I think about the reports I see pop up on my Twitter feed from following @afrinwomen which tracks the kidnappings and disappearances of women and girls in Turkish-occupied Afrin, Syria today.

Tea is a very intimate thing… I have had some intense conversations that have come up over tea with friends and family. I can go on and on about tea and all the different references I am making, but I’m just going to end this with a piece called “SolidariTEA” by Drost Kokoye that I would love to share with you all:


It is part of my Kurdish tradition to serve you chai,

that means tea,

that we gather around the kettle for warmth and therapy,

that you place your burdens on me,

because your struggle is my struggle

your pain is my tragedy.

So, I must look within your burdens

Search in them for the seed,

And pluck it from the root

to rid you of your grief.

Solidarity means you’d do the same for me.

Nuveen Barwari, still from "Cha Cha Cha" 2021

Nuveen Barwari, still from "Cha Cha Cha" 2021

Nuveen Barwari is a visual artist who employs collage to reflect on the fragmented state of diasporic living and membership in a stateless community.
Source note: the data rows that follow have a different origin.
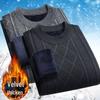 Men's Winter Plus Velvet Thick Knit Sweater - Casual Loose Warm Layer Top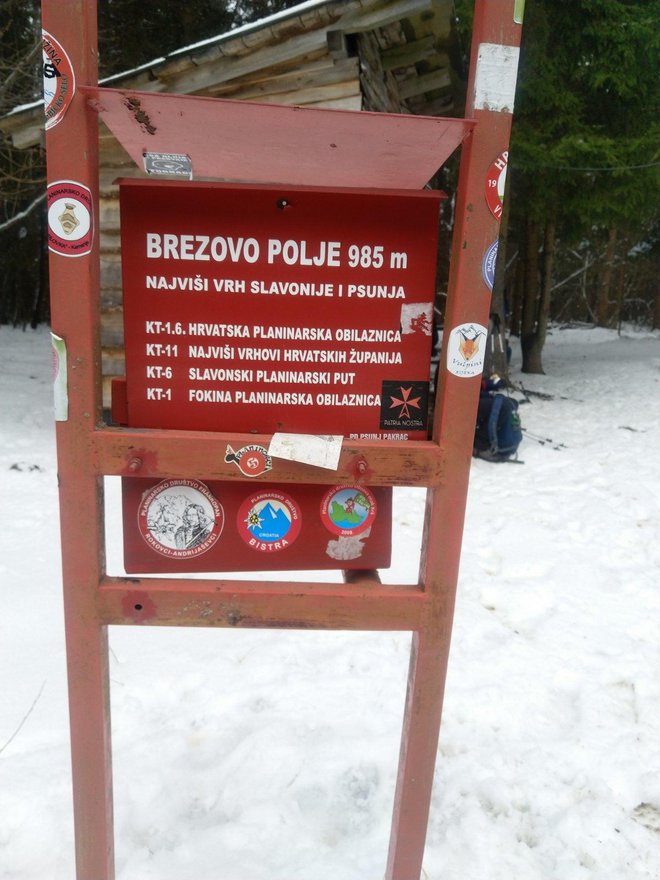I evo ih na najvišem vrhu Slavonije/Foto: Planinarsko društvo Petrov vrh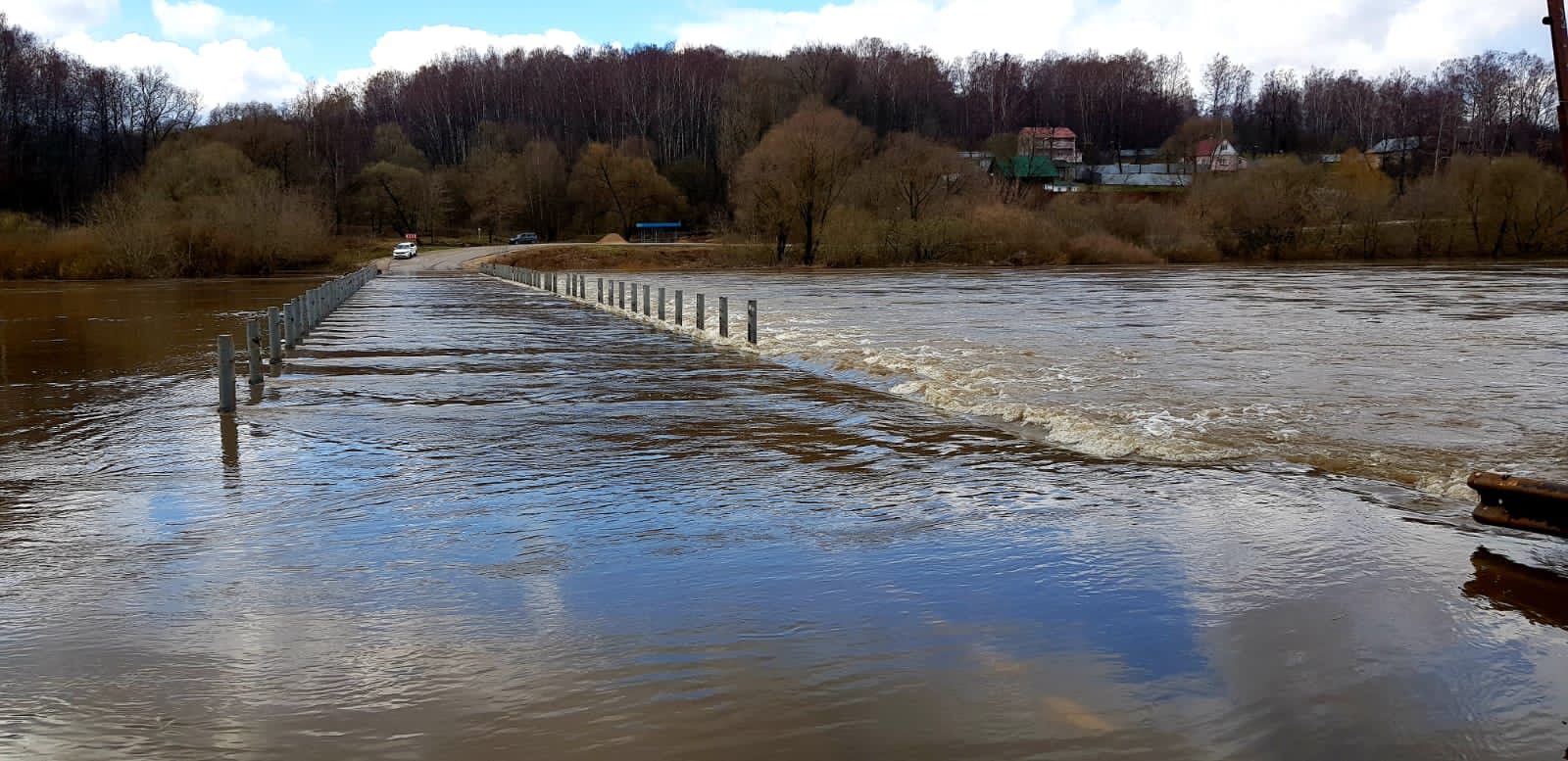 In the morning there was a bridge, and in the afternoon disappeared - My, Flood, Spring, The photo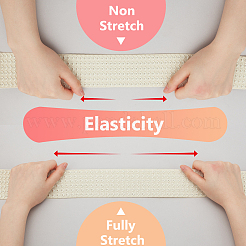 Широкая плоская эластичная лента из полиэстера длиной 5 ярд. OCOR-WH0090-052B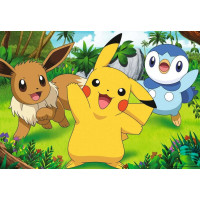 RAVENSBURGER Puzzle Pokémon 2x24 dielikov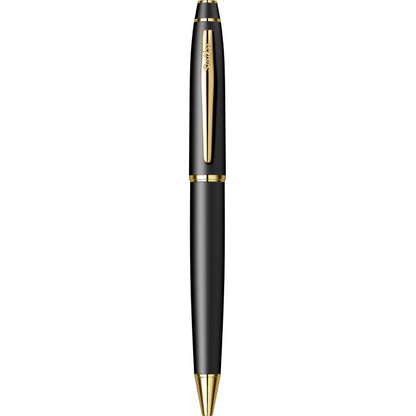 Scrikss Mat Siyah Altın Detaylı Premium Tükenmez Kalem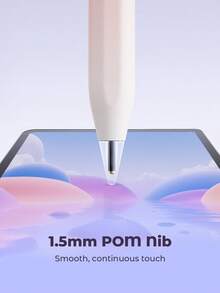 Teckwe 1pc Universal Capacitive Pen For Mobile Phones And Tablets, Active Pencil Touch Capacitive Pen, Suitable For IOS Android And IPad, Precise Touch, Smooth Writing High-End Stylus Pen Valentine's Day Gift - Multicolor - View 3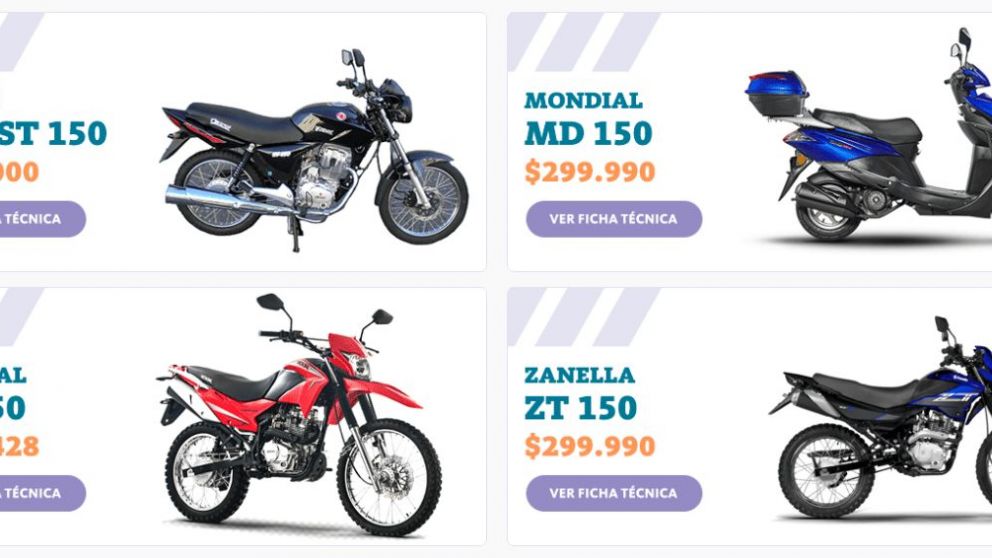 Plan "Mi Moto" para adquirir vehículos nacionales en hasta 48 cuotas
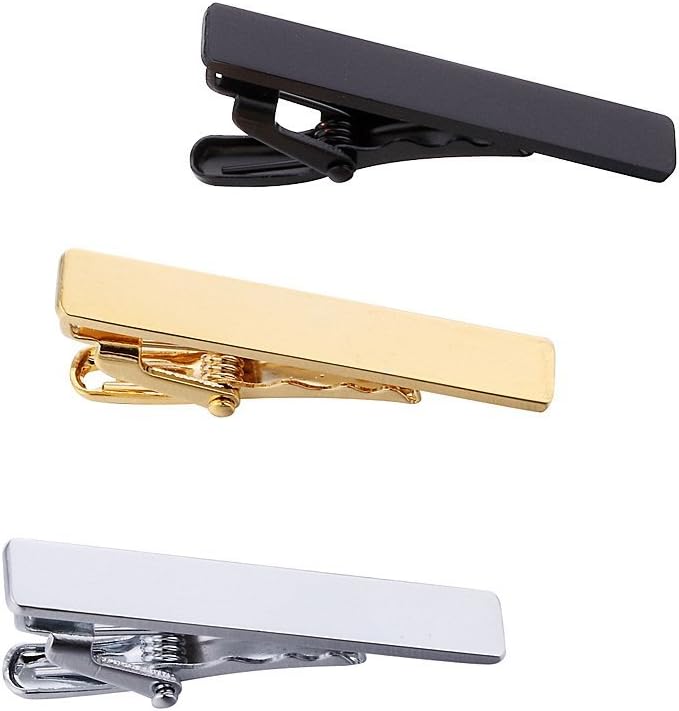 Men's Skinny Tie Clip Set 3 To - Tie Clip Silver incelemesi ve fiyatı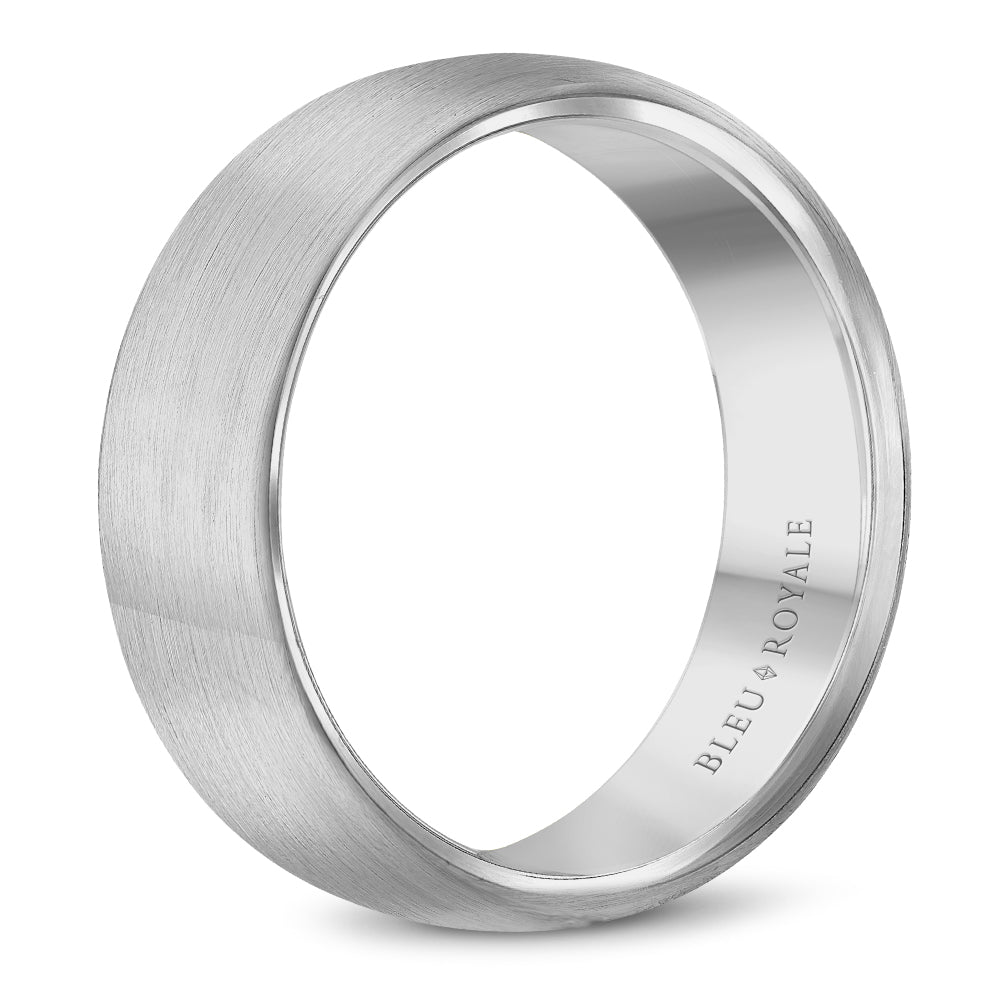 Bleu Royale Legacy Wedding Band 6.50mm White 18k Gold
Barwari’s expansive practice includes installations; performances; co-hosting a podcast; collecting and repurposing artifacts from her community such as photos, rugs, fabrics, and Kurdish dresses; and an online shop that supplies apparel and art internationally. Barwari received a Bachelor of Science in Studio Art from Tennessee State University in 2019 and is a 2022 MFA candidate at the University of Tennessee, Knoxville. Barwari has worked with and completed projects with the Frist Art Museum, Oasis Center’s Art and Activism Series, Coop Gallery, and McGruder Social Practice Artist Residency. She has exhibited in numerous locations such as Kurdistan’s first Fashion Week (2018) in Erbil, Kurdistan region of Iraq, the Frist Art Museum (2019), the University of Michigan (2019), Sugar Gallery (2019) in Fayetteville, Arkansas, Zg Gallery (2020) in Chicago, 21c Museum Hotel (2021) in Nashville, Tennessee, Duhok Gallery (2021) in Duhok, Kurdistan and NGBK Gallery in Berlin Germany (2021). Barwari is represented by The Red Arrow Gallery in Nashville, TN.

Rachel Bubis is a Nashville-based independent arts writer, regular contributor to The Focus blog, and Web + Print Manager for Tri-Star Arts.